Diverse facce del duo ad Angelica

A Bologna l’improvvisazione assoluta dei duo Michele Rabbia - Ingar Zach e Marco Colonna - Danilo Gallo

Michele Rabbia + Ingar Zach  / Marco Colonna + Danilo Gallo  - Angelica - Foto di Daniele Franchi
Michele Rabbia e Ingar Zach (foto di Daniele Franchi)
Recensione
jazz
Bologna, Angelica Centro di Ricerca Musicale
Michele Rabbia + Ingar Zach / Marco Colonna + Danilo Gallo
16 Gennaio 2019 - 22 Gennaio 2019

All’inizio della sua stagione, che va da gennaio ad aprile prima di approdare al centrale Momento maggio, l’infaticabile programmazione di Angelica a Bologna ha proposto due appuntamenti di notevole interesse: due sodalizi collaudati e prevalentemente italiani, che sondano diverse modalità della musica improvvisata del duo.

Il primo incontro fra Michele Rabbia e il norvegese Ingar Zach avvenne circa due anni fa ad Area Sismica, a Meldola. Da allora il loro dialogo si è sviluppato nella direzione di un’improvvisazione istantanea che persegue una stretta simbiosi gestuale e musicale. A Bologna i due percussionisti, in posizione eretta, suonavano affiancati di fronte a un essenziale set batteristico: tre tamburi e due piatti anomali. Ma la serie di oggetti e strumentini messi in gioco dai due è stata molto ampia: catene, metronomi, coppe metalliche risonanti, cimbali metallici di varie dimensioni sfregati violentemente sulle pelli o perfino soffiati dal buco centrale… A tutto ciò si aggiungeva l’immancabile supporto elettronico. 

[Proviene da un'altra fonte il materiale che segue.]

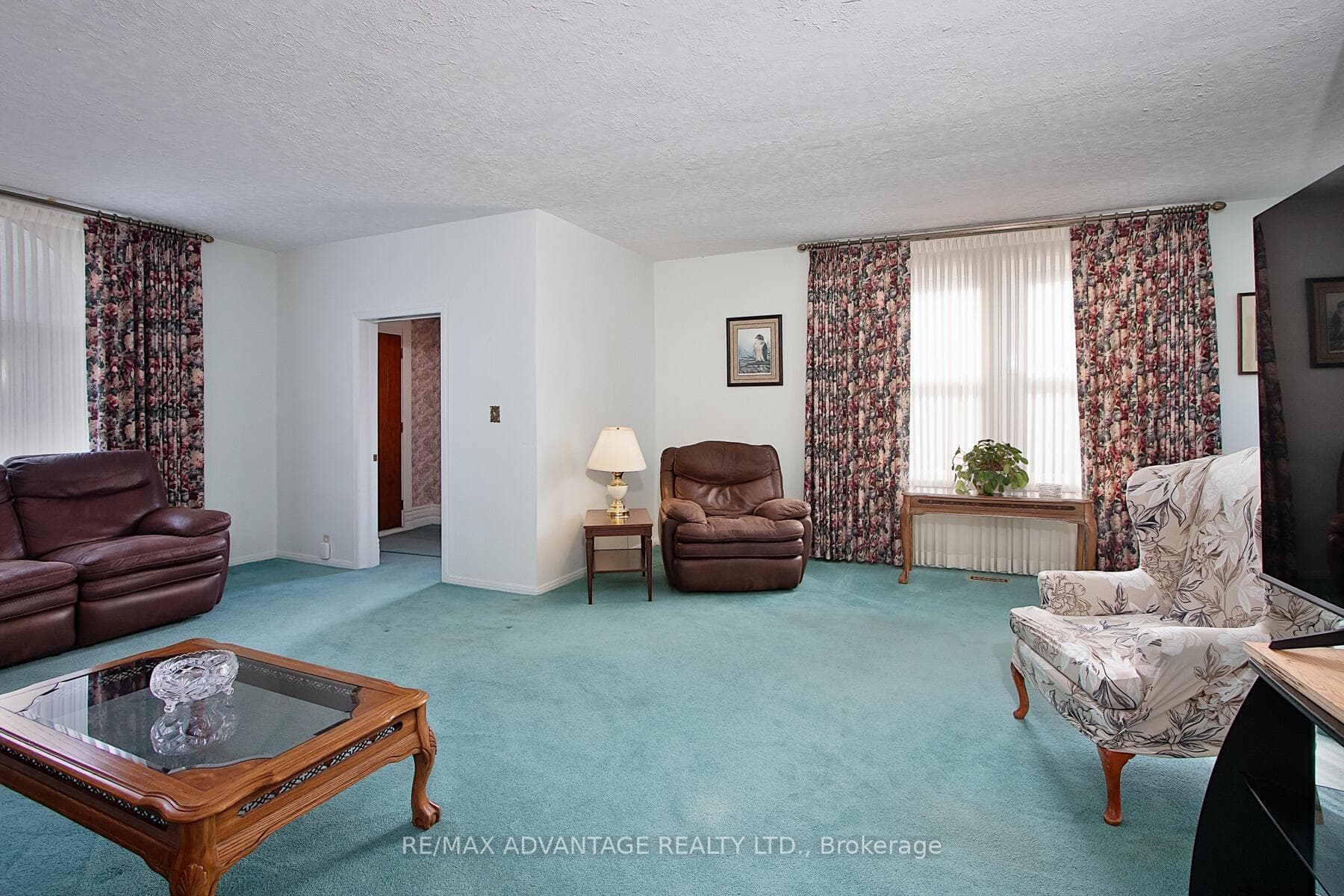 1059 Talbot Street photo 9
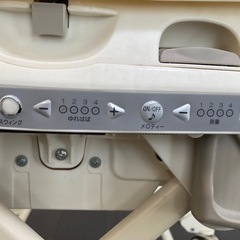 コンビのハイローチェアの画像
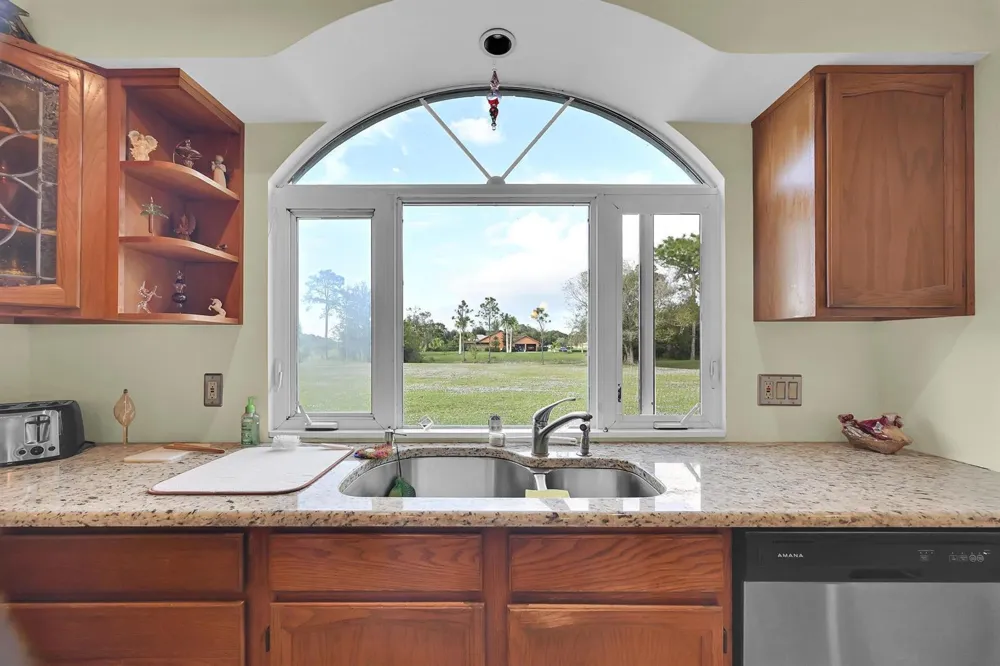 8690 Shadylake Lane Fort Pierce, FL 34947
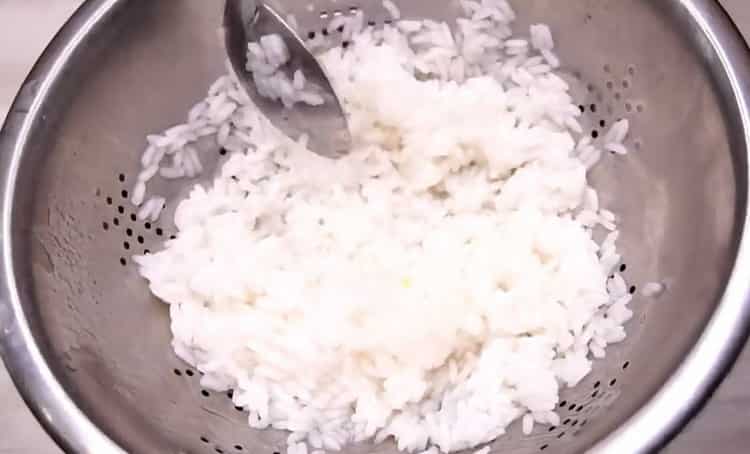 Keitä täytettyä kaalia, keitä riisi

Dalla sintonia intenzionale e gestuale dei due comprimari è scaturita la simbiosi, la compenetrazione dei suoni: quelli acustici, concreti, rumoristici, crepitanti o fruscianti, e quelli elettronici. Se fra le due fonti sonore si è verificata una sorta di mimetismo, d’inscindibile trama, le rare situazioni più melodiche e armoniche, con effetti evanescenti e sognanti, sono state però a carico dei flussi elettronici; prima del finale si è assistito inoltre a un crescendo ossessivo, che ha dato vita a un’ipnosi pulsante e un po’ inquietante. Si è quindi svolto un processo creativo concatenato, con una sua parabola, basato su un respiro intrinseco, sulla ricchezza delle dinamiche e dei timbri. Se l’intreccio dei suoni può prendere un suo significato specifico, allora è plausibile la definizione “semiosi” scelta nel programma di sala per questo duo.

Ugualmente consolidata è la collaborazione fra Marco Colonna e Danilo Gallo, che ha preso le mosse in un club romano nell’estate 2017. Anche la loro ricerca è totalmente improvvisata, ma condotta su diverse direttrici espressive, soprattutto per via dei differenti strumenti imbracciati. Nel concerto bolognese appunto la loro pronuncia strumentale è diventata il fattore qualificante, risultando personale, intenso e classicamente “bello” il sound di entrambi. 

Limpido e acuminato nel registro alto, il clarinetto basso di Colonna si è inerpicato in scorribande free, si è abbandonato a eloqui evocativi e lirici, si è inabissato in grufolanti elucubrazioni nel registro basso. La risonante chitarra basso di Gallo, a tratti coadiuvata marginalmente da piccole percussioni, ora si è colorata di blues feeling con inflessioni parlanti, ora si è spinta in insistenze di forsennata massa sonora, senza disdegnare di accennare a cadenze di walking bass .

La loro tecnica prodigiosa è stata messa al servizio di un visionario incrocio di culture, in cui la componente jazzistica ha tenuto un ruolo determinante ma non esclusivo, dando adito ad un partecipato colloquio, di grande impatto ritmico e melodico e anche di una concentrata sintesi espressiva. In questo susseguirsi continuo di idee e di stimoli reciproci, in questo flusso narrativo di suggestioni coinvolgenti, si è talvolta rimpianto che certe situazioni non fossero più prolungate e indagate più a fondo.